植物に詳しくないので何の木か分からないのだが、家の裏にずっとあった木が先日伐採された。
実は家の裏は昔小学校だった。
市内では比較的後に出来た小学校だったが、それでも出来たのが40年以上前なので、その時に植えられたものだとしても結構古い木だ。
小学校がなくなった後も、市の施設として使われていて、今でも年配の方々のゲートボール場や子供達のサッカー⚽の練習場になっている。
子供達にとってその木が練習中に危ないとか、そんなことは一切ないし、ゲートボールを楽しむご老人には休憩時間に木陰を提供していた。

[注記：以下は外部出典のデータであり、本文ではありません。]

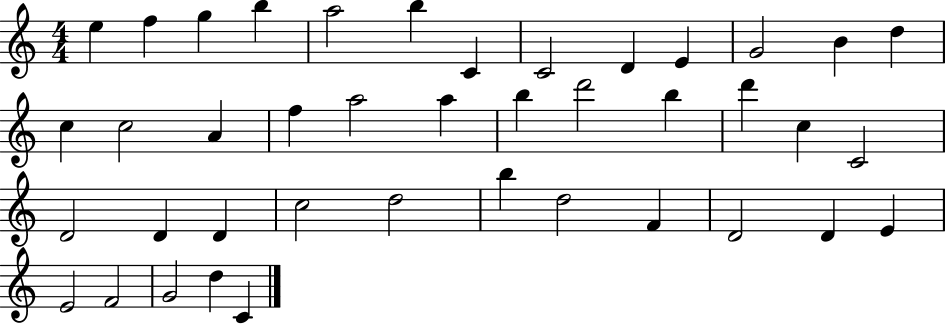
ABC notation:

X:1
T:Untitled
M:4/4
L:1/4
K:C
e f g b a2 b C C2 D E G2 B d c c2 A f a2 a b d'2 b d' c C2 D2 D D c2 d2 b d2 F D2 D E E2 F2 G2 d C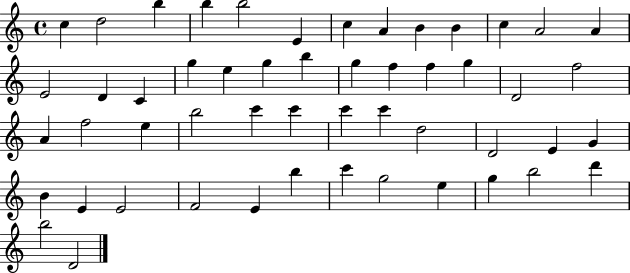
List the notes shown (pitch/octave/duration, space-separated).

C5/q D5/h B5/q B5/q B5/h E4/q C5/q A4/q B4/q B4/q C5/q A4/h A4/q E4/h D4/q C4/q G5/q E5/q G5/q B5/q G5/q F5/q F5/q G5/q D4/h F5/h A4/q F5/h E5/q B5/h C6/q C6/q C6/q C6/q D5/h D4/h E4/q G4/q B4/q E4/q E4/h F4/h E4/q B5/q C6/q G5/h E5/q G5/q B5/h D6/q B5/h D4/h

それなのに、何の邪魔にもなっていないのに、その木は伐採されてしまった。
子供の頃からずっとそばにあった木。
そんなに意識はしていなかったが、当たり前のようにあった木がいざなくなると、何かとても寂しくなる。
その木が色々な役目を果たしてくれていたことは、なくなってから分かった。
夏の日など、砂のグラウンドの照り返しは木のお陰で、こちらにまともに来なくて済んだ。
また、市の施設の利用者の姿がまともに見えないように、ブラインドの役割も果たしてくれていたのだ。

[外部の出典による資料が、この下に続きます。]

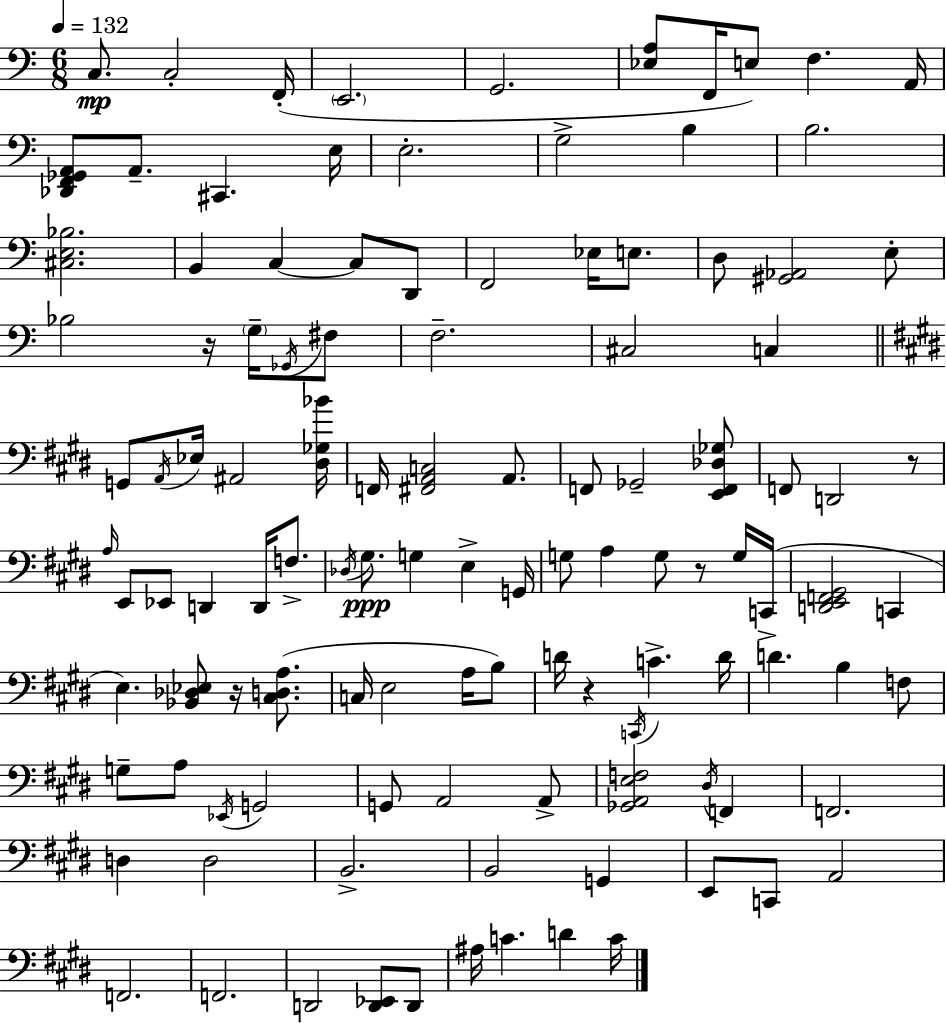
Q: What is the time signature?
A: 6/8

木がなくなった今、グラウンドの照り返しがきついし、遮るものが何もないので、人の姿も丸見えだ。
更に、グラウンドの隅にある用具の倉庫も以前は木の陰になっていたのだが、今は日の光を浴びて白い塗料が目にチカチカして鬱陶しい。
たった一本の木であっただが、とても大事な存在だったことが分かった。
どうして人間は、木々を大切にしないのだろうか。
以前NHKの番組(関西ローカル)で、長年中高生に取っているアンケートのことが紹介されていた。
それは環境問題についてのもので、現在アラフィフの俺が高校生くらいの頃から取り続けているそうだ。

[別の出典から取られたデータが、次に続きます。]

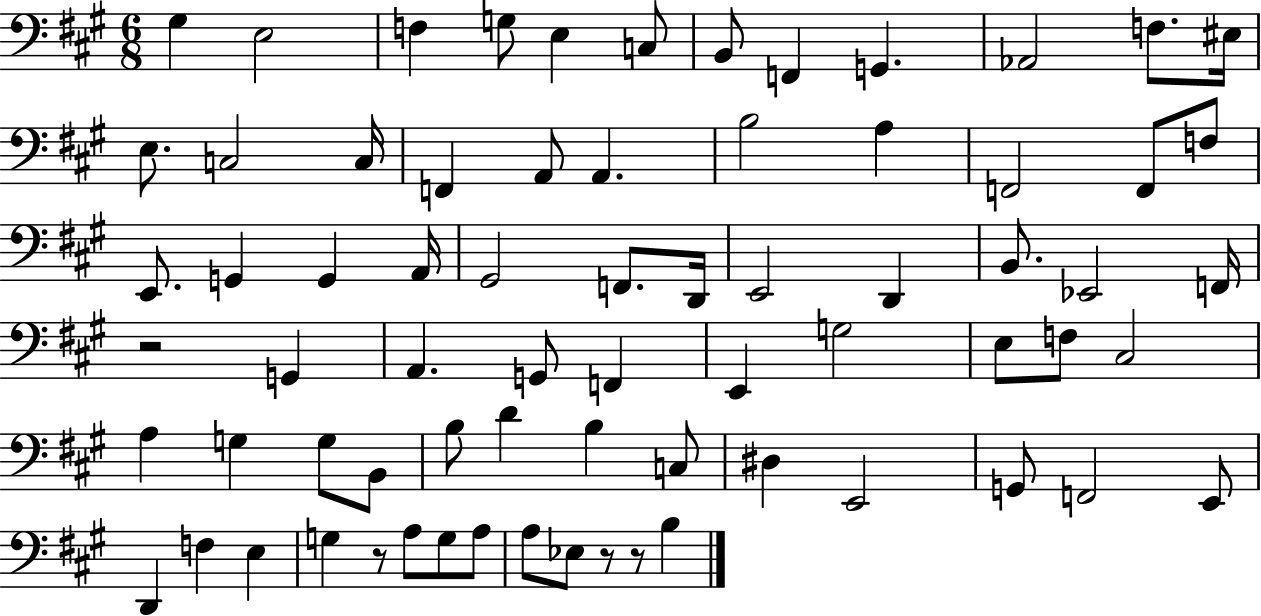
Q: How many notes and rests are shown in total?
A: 71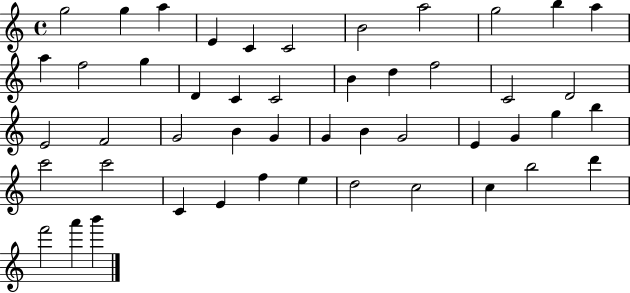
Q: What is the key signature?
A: C major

それによると、今の若い人達は俺たちの若い頃よりも環境問題について深刻に考えていないそうなのだ。
「自分たちの周りの自然環境をきちんと守るべきだ」
と考えている人が昭和時代と比べて大幅に減っているそうで、統計を取っておられる方もショックを受けていた。
たしかに、昭和の頃は環境もヘッタクレもなく、経済は右肩上がりのイケイケドンの時代で、大量生産・大量消費、そして大量廃棄をしていた。
空はスモッグで霞んで、排気ガスも環境に配慮などされていなかったし、下水はどぶ川に垂れ流していた。
今は技術が向上して、工場や車から出る排気ガスも有害物質をできるだけ出さないように改良されたし、汚水もきちんと処理してから川に流すようになった。
再開発された地区の超高層ビルの周辺には木々が植えられて小ぎれいになった。
一見すると、自然環境に配慮しているようにみえるが、地球規模で考えればお飾り程度にすぎないだろう。
もちろん、ビルの周りに植樹して綺麗にすることを批判しているのではない。
ただ、子供の頃からああいった環境で育つと、あれが自然豊かな環境だと勘違いする恐れがあると思うのだ。
俺の子供の頃のように、都会イコール車の騒音・排気ガス、無機質なコンクリートジャングルというイメージを持っていると、環境問題についてより深刻に思うかもしれないのだが、小ぎれいな都会しか知らないと、危機感など持たなくなってしまうのだろう。
俺の家の裏の木は、伐採しなければならないほど古かったり、病気になっている様子でもなかった。
管理が面倒くさいとか、人間の都合で切られたのだろう。
自然への畏敬の念を忘れてしまえば、いつか必ず人間に返ってくる。